A re-ranker (also called a cross-encoder) is a different beast. It takes the query AND document together as a single input, processes them jointly through the transformer, and outputs a relevance score. It's slower -- because it has to process each query-document pair separately -- but MUCH more accurate.
The pattern: retrieve top 20-50 candidates with the fast bi-encoder, then re-rank those candidates with the accurate cross-encoder, return the top 5.
from sentence_transformers import SentenceTransformer, CrossEncoder
import numpy as np
class RerankedRAG:
"""Two-stage retrieval: fast bi-encoder + accurate cross-encoder."""
def __init__(self):
self.embedder = SentenceTransformer('all-MiniLM-L6-v2')
self.reranker = CrossEncoder('cross-encoder/ms-marco-MiniLM-L-6-v2')
self.chunks = []
self.embeddings = None
def index(self, chunks):
self.chunks = chunks
self.embeddings = self.embedder.encode(
chunks, normalize_embeddings=True)
def search(self, query, initial_k=20, final_k=5):
# Stage 1: fast retrieval with bi-encoder
q_emb = self.embedder.encode(
[query], normalize_embeddings=True)
scores = (self.embeddings @ q_emb.T).flatten()
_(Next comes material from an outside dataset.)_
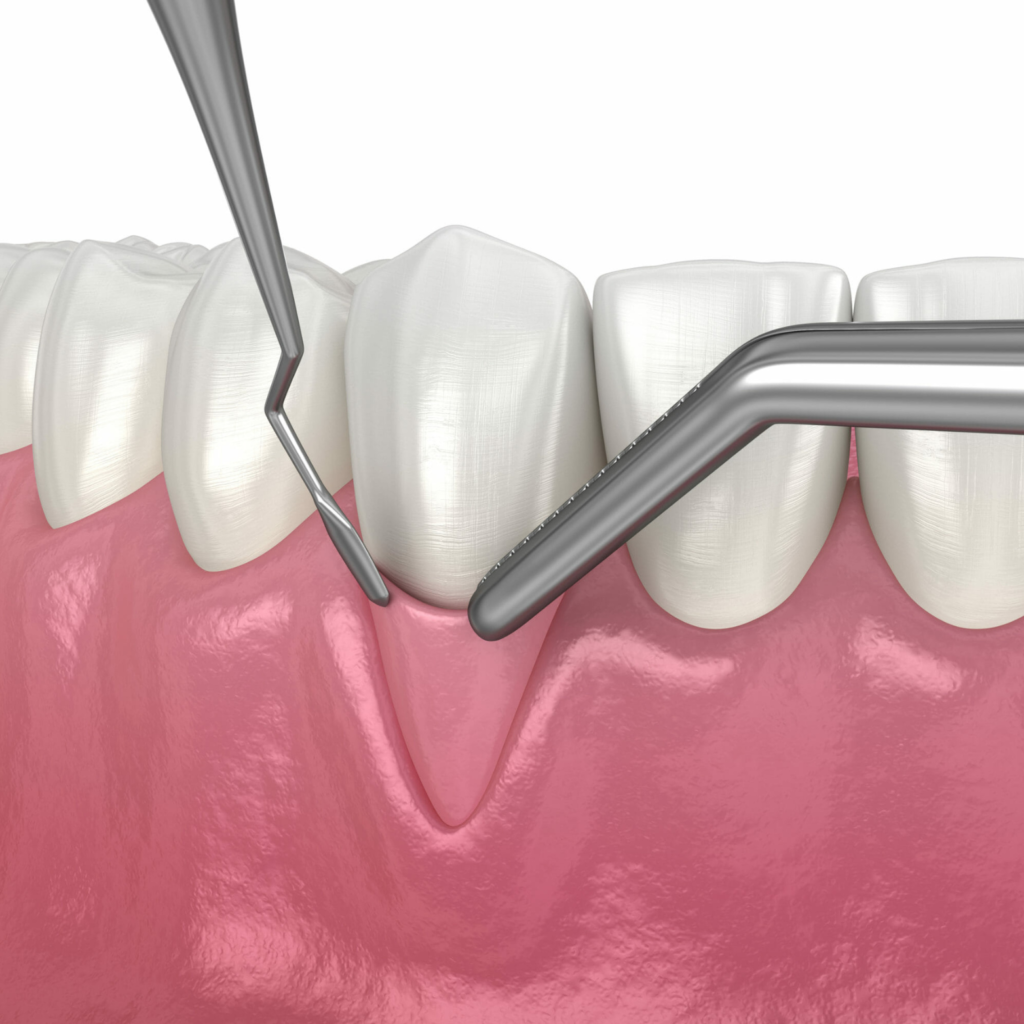 gum grafting (soft tissue augmentation)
candidates_idx = np.argsort(scores)[::-1][:initial_k]
# Stage 2: re-rank candidates with cross-encoder
pairs = [(query, self.chunks[i]) for i in candidates_idx]
rerank_scores = self.reranker.predict(pairs)
# Sort by reranker score, return top final_k
ranked = sorted(
zip(candidates_idx, rerank_scores),
key=lambda x: x[1], reverse=True)
return [(self.chunks[i], float(s)) for i, s in ranked[:final_k]]
# Demonstrate where re-ranking corrects bi-encoder mistakes
rag = RerankedRAG()
rag.index([
"Python is not suitable for real-time embedded systems.",
"Python is the most popular language for data science.",
"Python is widely used in machine learning applications.",
"Python can be used for embedded systems with MicroPython.",
"Embedded systems require low-level memory control.",
"Real-time systems have strict timing constraints.",
"C and Rust are preferred for embedded programming.",
"Python's garbage collector makes it unsuitable for hard RT.",
"MicroPython runs on microcontrollers with limited resources.",
"Data science workflows benefit from Python's rich ecosystem.",
])
query = "Is Python good for embedded systems?"
print(f"Query: '{query}'\n")
# Compare: bi-encoder only vs with re-ranking
q_emb = rag.embedder.encode([query], normalize_embeddings=True)
bi_scores = (rag.embeddings @ q_emb.T).flatten()
bi_top = np.argsort(bi_scores)[::-1][:5]
print("Bi-encoder top 5:")
for rank, i in enumerate(bi_top, 1):
print(f" {rank}. [{bi_scores[i]:.3f}] {rag.chunks[i]}")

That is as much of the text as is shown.